Tips for Shooting Web Videos

With the easy accessibility of the Web, it's tempting to shoot Web videos to enliven a Web site, emphasize a point you're trying to make or demonstrate how to do something. However, shooting good Web video isn't as easy as it looks. Keep these tips for shooting Web video in mind the next time you head out for a shot:

Web video is small

Web video is small, both in terms of physical size of the shot and the video compression required to deliver video to your viewers. You may have to crop Web video or reduce its size in order to display it on your site. Keep this in mind when composing the shot.

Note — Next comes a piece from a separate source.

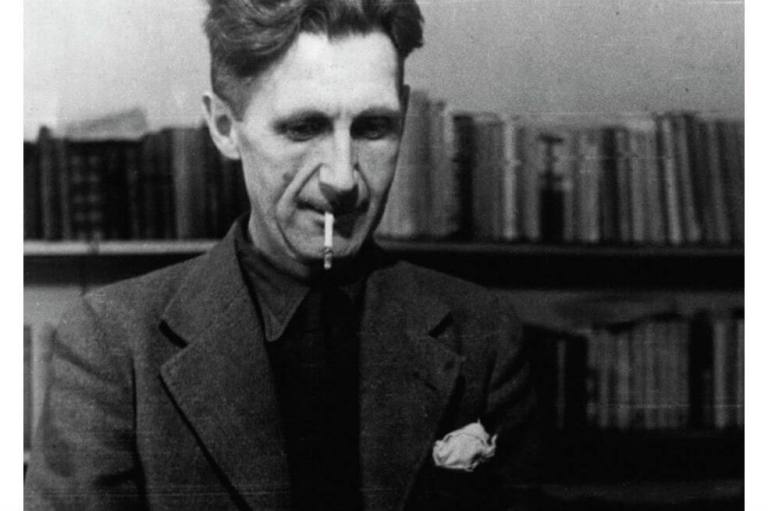 George Orwell y un diario como legado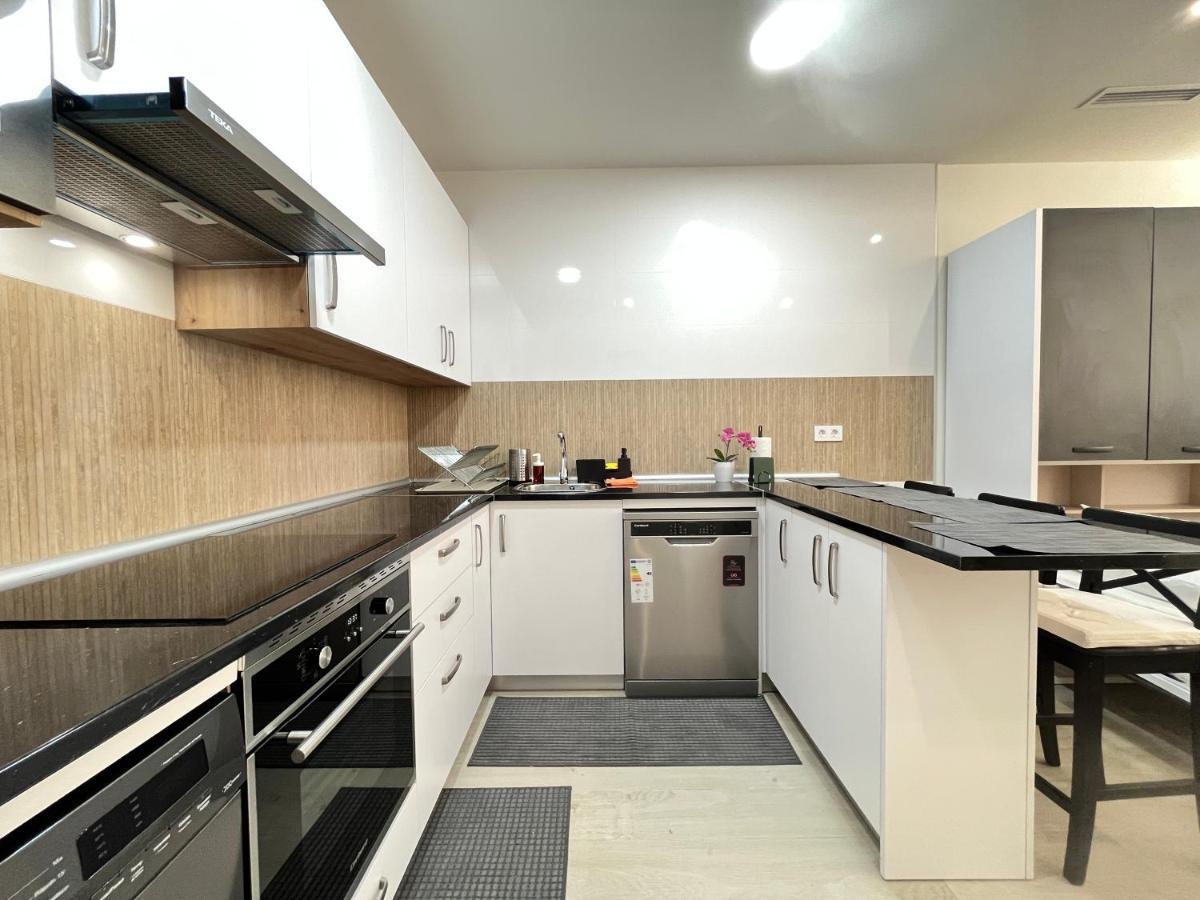 Acogedor Infanta Mercedes Apartment Madrid Exterior foto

Don't try to show too much

Don't try to show too much in your Web video. Large shots loose impact on small videos, so use smaller shots. Movement may be wobbly, shaky or grainy on Web video, so try to avoid shooting too much movement. Focus on an individual rather than a group, as the group may be too large to effectively display. Avoid shooting complex patterns, such as stripes, wide shots filled with subject matter, trees or anything with a significant amount of detail to capture.

Keep it short

Attention span varies, depending on format. Movie viewers can usually last between 90 to 120 minutes. Television shows work best in 30- to 60-minute formats. Web viewers have a significantly shorter attention span, as they're often checking the Web for a few minutes before going off to do something else, and Web video users are almost always multitasking. If your Web video is too long, your viewers may tune out halfway through and lose the important thread of your topic. Keep your video short and full of interesting content so that your viewers don't wander off.

Use appropriate lighting

Because the compression in Web video often reduces details, it's important to use strong lighting on your subject. Focus the lighting on your subject so that it stands out compared to the background. Strong lighting captures subtle detail that poor light often overlooks, providing clearer, more vivid Web video. Daylight is a great option for shooting, but avoid shooting under midday sun that can cast shadows around the eyes and nose. For indoor shoots, bring along several light wattages so that you can adjust existing fixtures as needed, and consider adding clamp lights from any hardware store to your lighting arsenal.

Control your shot

Compose a shot. Keep in mind your size restrictions, and frame the shot accordingly. Always roll for 5 to 10 seconds at the beginning and end of your shot to avoid losing content on the front or back of your shot. Use manual focus so that if something interrupts your shot, your camera isn't trying to auto-focus to compensate. Use a good-quality tripod to avoid wobbly or fuzzy video.